- Born: May 27, 1954 Frederic, Wisconsin
- Died: May 1, 2025 (aged 70)
- Occupations: pianist and conductor

= Sue Anderson (musician) =

American pianist and conductor (1954–2025)

Susan M. Anderson (May 27, 1954 – May 1, 2025) was an American pianist and conductor who performed on Broadway, toured, and made recordings. Anderson was one of the first female music directors on Broadway. Her career also included national tours, regional theatre, including the Pittsburgh Civic Light Opera, conducting Pops performances with various orchestras, and recording, sometimes with her husband, Cris Groenendaal. She performed often with youth groups, including at Carnegie Hall.

==Early life and education==
Anderson was born in Frederic, Wisconsin, to Maynard and Alice Anderson, who owned and operated a small grocery store there. Both she and her sister studied piano and organ from an early age, and she performed at school and at her family's church. She graduated from Frederic High School.

Anderson graduated, with majors in music and business, from the University of Wisconsin–Eau Claire (UWEC). She accompanied a UWEC's men's chorus, the Singing Statesman, vocal recitals, and opera and musicals performed at UWEC. In 1975 she toured Europe for eight weeks with the UWEC production of Jacques Brel Is Alive and Well and Living in Paris, one of six American university productions selected by the USO to entertain United States Armed Forces stationed abroad.

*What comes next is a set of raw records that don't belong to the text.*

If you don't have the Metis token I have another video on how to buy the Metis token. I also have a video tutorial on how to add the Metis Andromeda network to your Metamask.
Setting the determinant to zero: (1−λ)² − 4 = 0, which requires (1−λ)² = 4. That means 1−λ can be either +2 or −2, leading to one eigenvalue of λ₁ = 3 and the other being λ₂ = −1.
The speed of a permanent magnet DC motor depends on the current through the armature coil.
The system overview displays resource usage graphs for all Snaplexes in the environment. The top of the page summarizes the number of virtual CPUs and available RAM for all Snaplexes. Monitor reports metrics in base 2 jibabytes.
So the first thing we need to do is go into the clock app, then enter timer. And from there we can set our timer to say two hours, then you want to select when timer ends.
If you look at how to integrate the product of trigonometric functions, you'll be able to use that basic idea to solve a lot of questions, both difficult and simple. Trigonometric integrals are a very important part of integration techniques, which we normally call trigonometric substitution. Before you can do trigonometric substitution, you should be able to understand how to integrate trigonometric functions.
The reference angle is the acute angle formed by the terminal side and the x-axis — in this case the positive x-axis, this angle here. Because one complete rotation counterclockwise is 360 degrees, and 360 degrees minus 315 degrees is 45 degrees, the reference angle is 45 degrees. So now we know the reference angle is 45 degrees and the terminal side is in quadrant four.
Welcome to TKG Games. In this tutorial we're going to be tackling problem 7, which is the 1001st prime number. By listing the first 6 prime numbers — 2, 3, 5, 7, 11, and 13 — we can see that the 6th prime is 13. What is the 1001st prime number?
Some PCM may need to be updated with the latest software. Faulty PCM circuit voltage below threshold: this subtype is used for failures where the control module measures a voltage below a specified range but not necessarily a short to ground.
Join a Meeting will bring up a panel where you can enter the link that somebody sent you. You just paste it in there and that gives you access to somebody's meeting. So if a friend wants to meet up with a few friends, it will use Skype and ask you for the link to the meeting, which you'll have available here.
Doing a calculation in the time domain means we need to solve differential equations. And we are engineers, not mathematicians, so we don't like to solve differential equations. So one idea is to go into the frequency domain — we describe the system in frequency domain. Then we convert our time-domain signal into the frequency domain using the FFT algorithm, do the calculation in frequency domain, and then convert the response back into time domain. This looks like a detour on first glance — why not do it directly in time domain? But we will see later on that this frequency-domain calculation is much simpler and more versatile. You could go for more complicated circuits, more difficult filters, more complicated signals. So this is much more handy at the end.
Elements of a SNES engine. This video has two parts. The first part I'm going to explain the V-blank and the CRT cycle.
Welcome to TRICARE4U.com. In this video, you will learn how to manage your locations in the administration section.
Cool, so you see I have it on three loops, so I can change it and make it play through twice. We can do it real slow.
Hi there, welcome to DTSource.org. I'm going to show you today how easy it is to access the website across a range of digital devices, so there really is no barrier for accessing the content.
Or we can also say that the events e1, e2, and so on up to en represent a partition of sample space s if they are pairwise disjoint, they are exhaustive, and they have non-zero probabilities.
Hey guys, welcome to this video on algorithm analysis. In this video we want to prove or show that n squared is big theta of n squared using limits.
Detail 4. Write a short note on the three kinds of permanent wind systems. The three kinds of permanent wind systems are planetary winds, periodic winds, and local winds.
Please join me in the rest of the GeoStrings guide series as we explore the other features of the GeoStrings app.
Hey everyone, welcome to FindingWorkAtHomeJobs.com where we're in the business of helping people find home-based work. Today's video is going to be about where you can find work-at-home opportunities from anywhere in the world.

Between 1974 and 1977, Anderson worked as the staff pianist and celeste player for Company 10 Playhouse's summer musical theatre seasons at the UWEC campus. She also worked as a pianist at the Barston Dining Room in the Hilton Eau Claire hotel and as an accompanist for local high school choirs.

==Broadway and theatre==
After graduating from college, Anderson moved to New York City, where she began to work as a medical secretary. Her first music post was as the music director of The First All Children's Theatre.

Her first Broadway job was in 1981 as a keyboard player in the pit orchestra of The Pirates of Penzance, eventually being promoted to associate conductor and conducting the show both on Broadway and on tour through 1983. Also in 1981, she was an associate conductor for the Broadway revival of My Fair Lady, coaching Rex Harrison for his return to the role of Henry Higgins. She was the featured onstage pianist for Jerry's Girls (1985–1986) and served as the assistant conductor for the Broadway production of Me and My Girl (1986–1989). Anderson was the music director of Cats near the end of its original Broadway run. She later played piano or keyboards in the Broadway orchestras of Chitty Chitty Bang Bang, The Woman in White, Spamalot and The Lion King. According to her Playbill obituary, Anderson was a trailblazer in helping to break Broadway's glass ceiling for female conductors and "lit the flame for many female musicians in their pursuit of respect within the Broadway orchestra pit."

Her other theatre credits included ten productions as music director for Pittsburgh Civic Light Opera at Heinz Hall in Pittsburgh, Pennsylvania: Pirates (1983), Man of La Mancha, George M!, The Desert Song and Carousel (all in 1985), A Funny Thing Happened on the Way to the Forum, Hello, Dolly!, Anything Goes, Fiddler on the Roof and Can-Can (all in 1986). She was also music director of the first production of Martin Guerre at Hartford Stage in Connecticut (1993) and of a production of Big River at Westchester Broadway Theatre in Elmsford, New York, in 2012, where she was also associate conductor for Miss Saigon, Meet Me in St. Louis and Bye Bye Birdie.

==Other positions and later years==
Anderson conducted pops concerts with the Milwaukee Symphony Orchestra, Detroit Symphony Orchestra, Phoenix Symphony, Portland Symphony Orchestra, Shreveport Symphony Orchestra. She also was the music director for a National Public Radio political satire group, SoundBites. With Field Studies International, she performed regularly at Carnegie Hall. She worked on such films Svengali (1983), where her duties included teaching Peter O'Toole to play piano, and The Ultimate Solution of Grace Quigley (1985). She recorded at Abbey Road Studios, conducting the Philharmonia Orchestra.

She met her eventual husband, Broadway performer Cris Groenendaal, when they were both performing with the improvisation group Broadway Local. The two moved to Croton-on-Hudson, New York, in 1987, married in 1989, and had two children. The two recorded three albums together. They continued to perform together in later years, and she continued to music direct or play the piano until 2024 for concerts and at schools, churches, and choirs in New York City and around the Hudson Valley.

Anderson died in 2025 of cancer, after a long illness, at the age of 70.